▶ [Task item]: In the records below, find the line with "Наконечник: DTE02510 green (2.2x10mm) Наконечник: DTE02510", then copy each line exactly until you have copied the line with "Drive Electric Supercharge". Leave any picture out.

▶ [Supplied entries]:

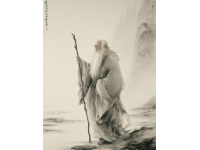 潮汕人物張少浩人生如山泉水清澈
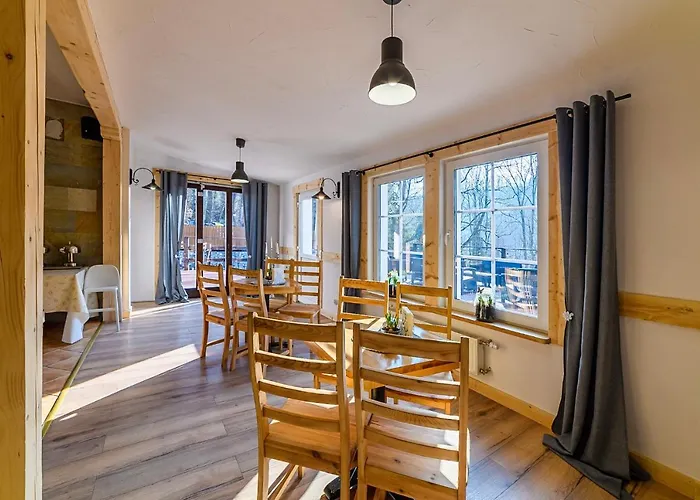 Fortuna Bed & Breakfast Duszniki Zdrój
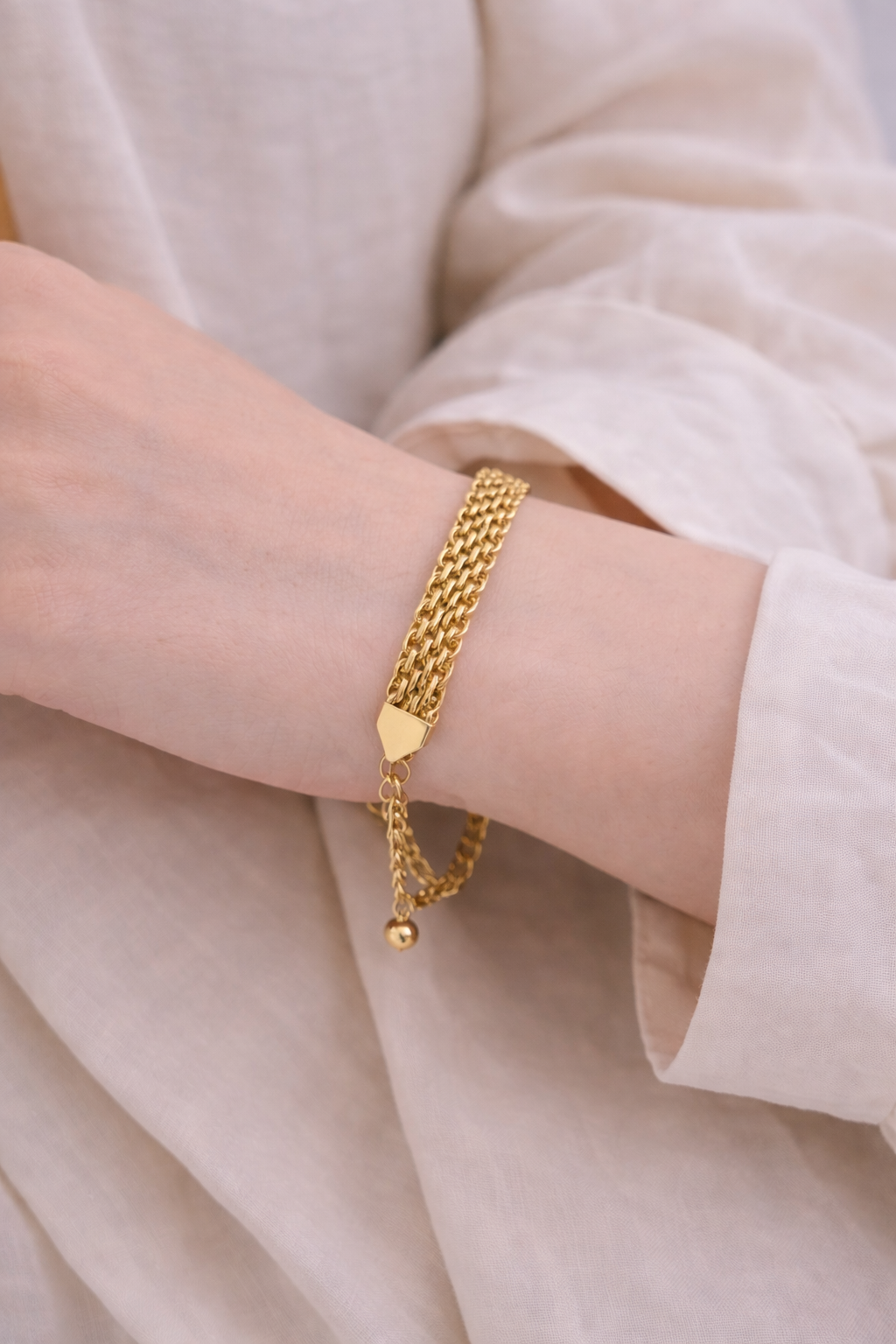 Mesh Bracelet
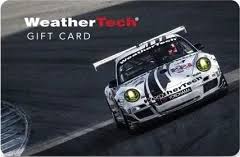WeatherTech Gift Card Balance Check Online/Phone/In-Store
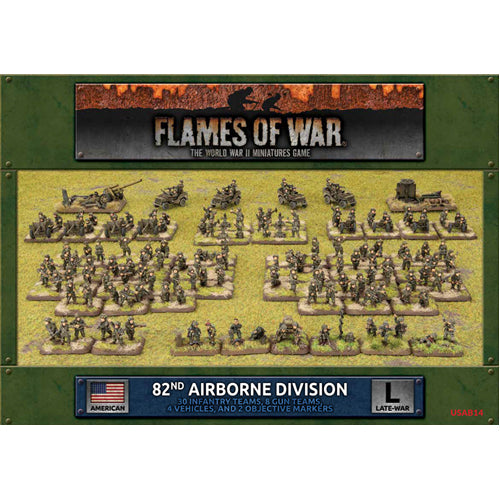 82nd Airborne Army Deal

==

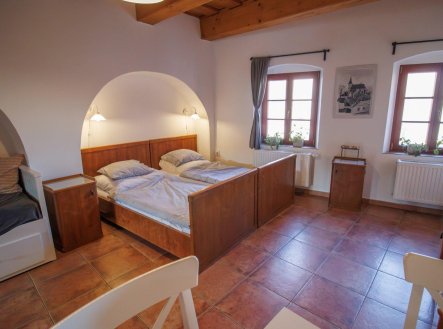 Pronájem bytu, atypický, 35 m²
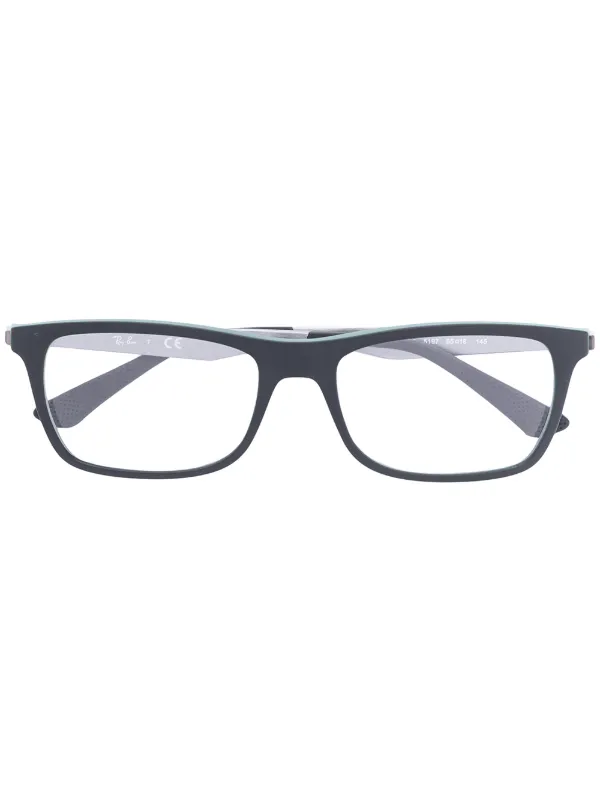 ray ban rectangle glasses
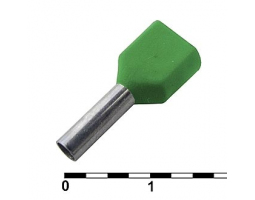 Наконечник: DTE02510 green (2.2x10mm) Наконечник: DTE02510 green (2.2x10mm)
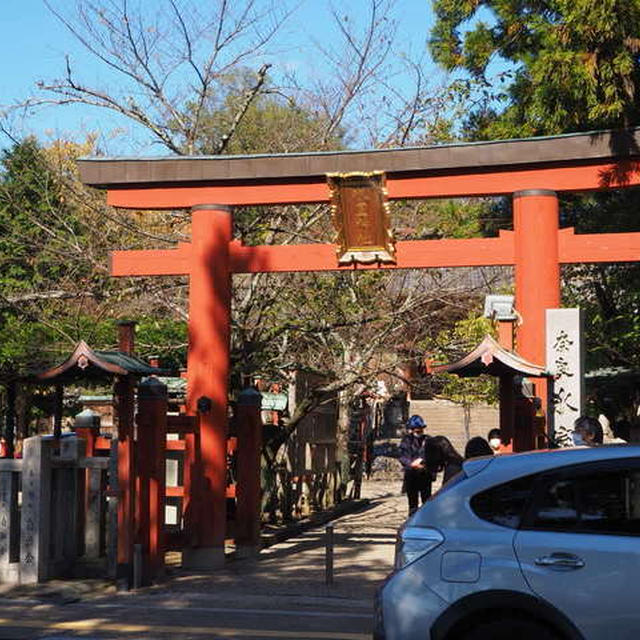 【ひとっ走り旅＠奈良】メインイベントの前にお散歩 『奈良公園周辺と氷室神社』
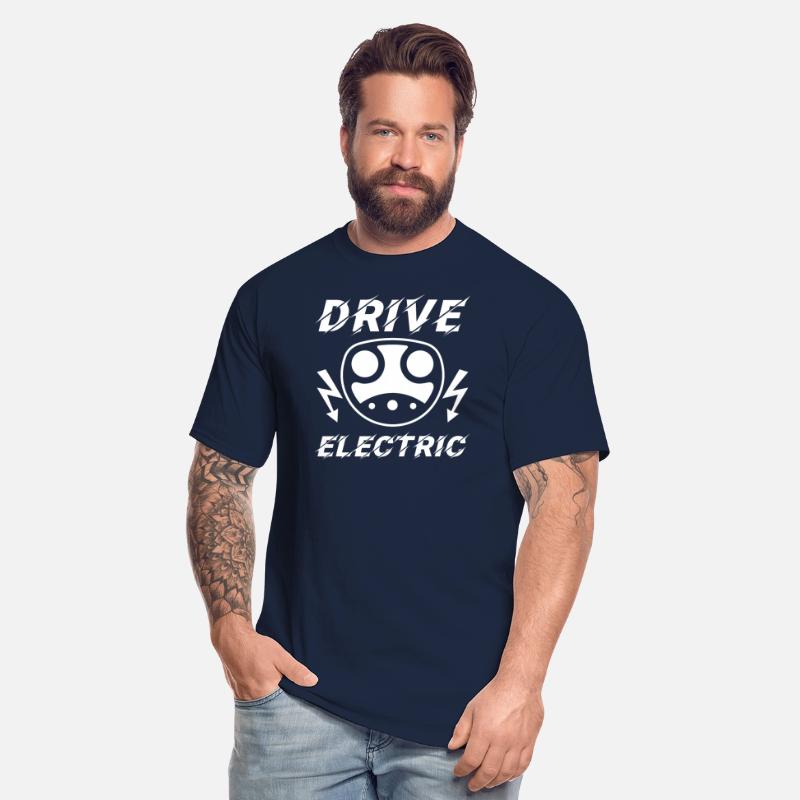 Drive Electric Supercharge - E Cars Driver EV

---

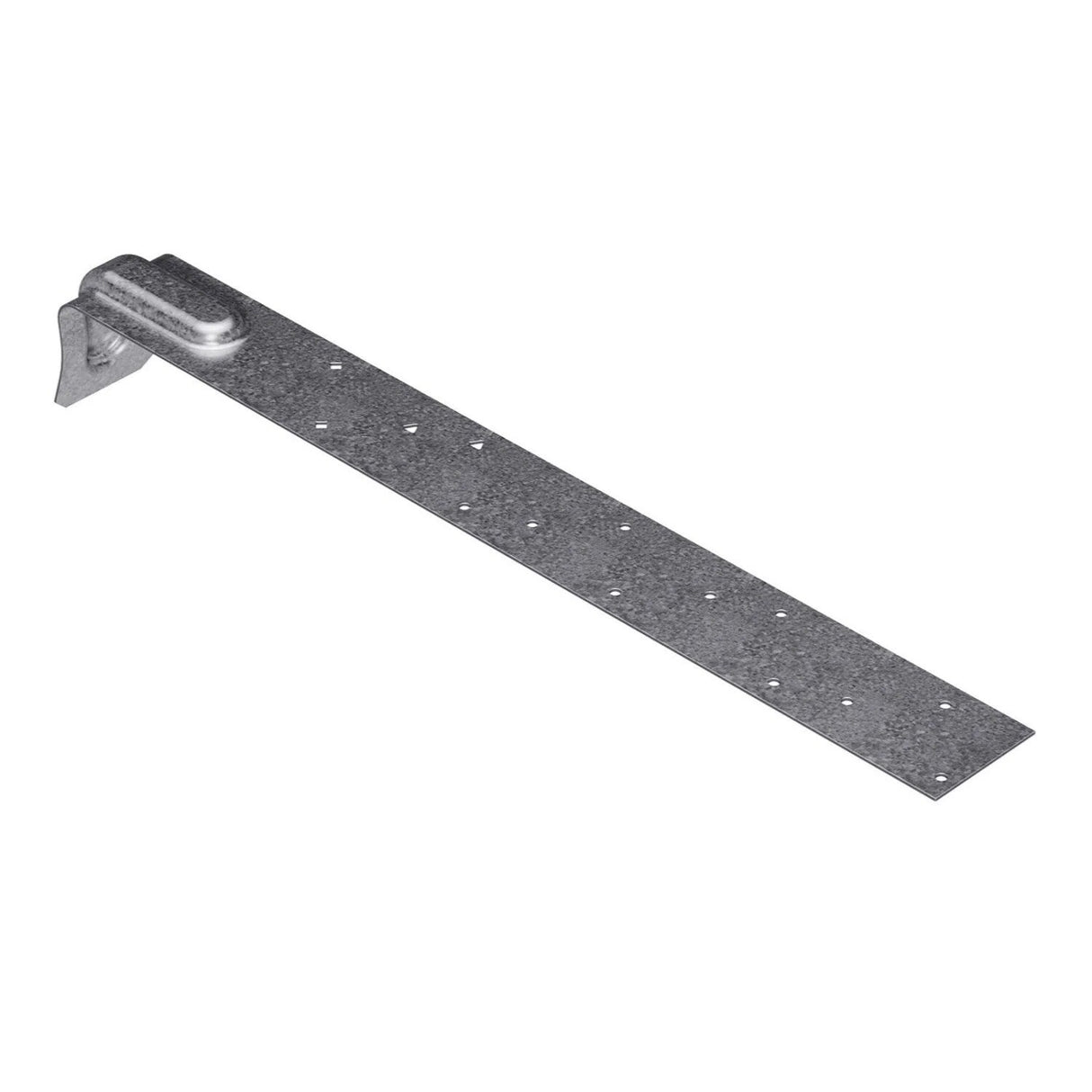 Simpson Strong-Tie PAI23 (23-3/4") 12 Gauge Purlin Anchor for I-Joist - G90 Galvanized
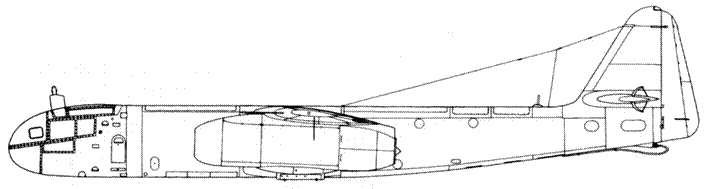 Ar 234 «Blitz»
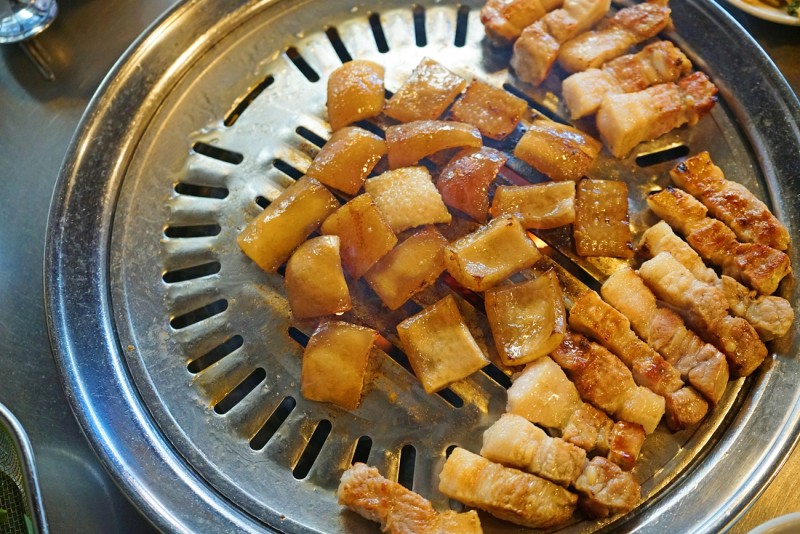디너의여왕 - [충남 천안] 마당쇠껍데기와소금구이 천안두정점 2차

▶ [Task solution]:
 Наконечник: DTE02510 green (2.2x10mm) Наконечник: DTE02510 green (2.2x10mm)
 【ひとっ走り旅＠奈良】メインイベントの前にお散歩 『奈良公園周辺と氷室神社』
 Drive Electric Supercharge - E Cars Driver EV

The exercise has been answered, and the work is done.